= Theatre in Decay =

Theatre in Decay is an independent theatre company operating in Melbourne, Australia. It was founded in 2000 by Robert Reid and Anniene Stockton. Theatre in Decay has produced over 30 unfunded original shows in venues such as Arts Centre Melbourne, The Store Room, La Mama and Theatreworks, as well as pubs, subways, hotel bedrooms, city rooftops, alleys and inside cars parked on the street.

==History==
Theatre in Decay had its most active period between 2000 and 2004, during which time it produced 23 full-scale productions, two cabaret-style reviews, two performance installations, two art exhibitions and two ‘zines. In the years following this period Theatre in Decay toured two shows to Adelaide Fringe and produced a puppet show for the Short and Sweet 10-minute play festival.

Stockton and Reid formed Theatre in Decay as a direct response to what they saw as an industry wide malaise. In their original 2000 manifesto, entitled "This isn’t Art, it’s War", they declared “We believe that theatre has nothing to do with money. That live performance is much more than just pretty costumes and impressive sets. Theatre can happen anywhere, all it needs is an audience.”

Together they developed a style of working specifically tailored to the chaotic environment of pub band stages and urban environments. Reid was quoted in an interview for stageleft being denied access to the stages of the world turned "entire cities into our stage.”

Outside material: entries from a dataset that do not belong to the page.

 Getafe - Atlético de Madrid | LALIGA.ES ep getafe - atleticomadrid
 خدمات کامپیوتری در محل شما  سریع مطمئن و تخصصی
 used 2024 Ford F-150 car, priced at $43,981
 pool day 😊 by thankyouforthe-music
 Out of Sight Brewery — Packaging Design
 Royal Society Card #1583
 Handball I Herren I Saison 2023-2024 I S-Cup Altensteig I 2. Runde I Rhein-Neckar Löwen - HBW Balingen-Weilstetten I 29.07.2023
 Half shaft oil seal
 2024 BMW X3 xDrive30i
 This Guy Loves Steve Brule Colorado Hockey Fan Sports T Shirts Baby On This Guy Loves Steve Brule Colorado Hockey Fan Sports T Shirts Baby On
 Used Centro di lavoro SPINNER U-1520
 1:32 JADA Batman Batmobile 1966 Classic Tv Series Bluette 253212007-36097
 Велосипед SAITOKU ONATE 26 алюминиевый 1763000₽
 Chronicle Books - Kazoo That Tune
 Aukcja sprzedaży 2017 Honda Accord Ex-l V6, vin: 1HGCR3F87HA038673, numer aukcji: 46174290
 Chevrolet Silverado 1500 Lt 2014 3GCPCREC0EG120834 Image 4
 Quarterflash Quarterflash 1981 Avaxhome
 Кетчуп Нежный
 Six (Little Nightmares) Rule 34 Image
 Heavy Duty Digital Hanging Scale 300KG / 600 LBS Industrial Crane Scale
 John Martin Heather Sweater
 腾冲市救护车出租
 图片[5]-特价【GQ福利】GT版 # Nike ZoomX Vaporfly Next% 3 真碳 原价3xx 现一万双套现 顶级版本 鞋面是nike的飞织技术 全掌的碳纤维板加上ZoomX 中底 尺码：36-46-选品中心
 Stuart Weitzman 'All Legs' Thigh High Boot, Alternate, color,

Theatre in Decay was an early company amongst the independent theatre community in Melbourne contemporary with companies such as Stuck Pigs Squealing, Theatre@Risk, and Red Stitch Actors.

==Shows==
Concepts for works by Theatre in Decay are developed by Reid and Stockton and generally written and directed by Reid, with notable exceptions being Another Sun, written by Adam Cass and All of Which are American Dreams, written in collaboration with Stephen Sewell, Barry Dickins, Mellissa Reeves and Ben Ellis.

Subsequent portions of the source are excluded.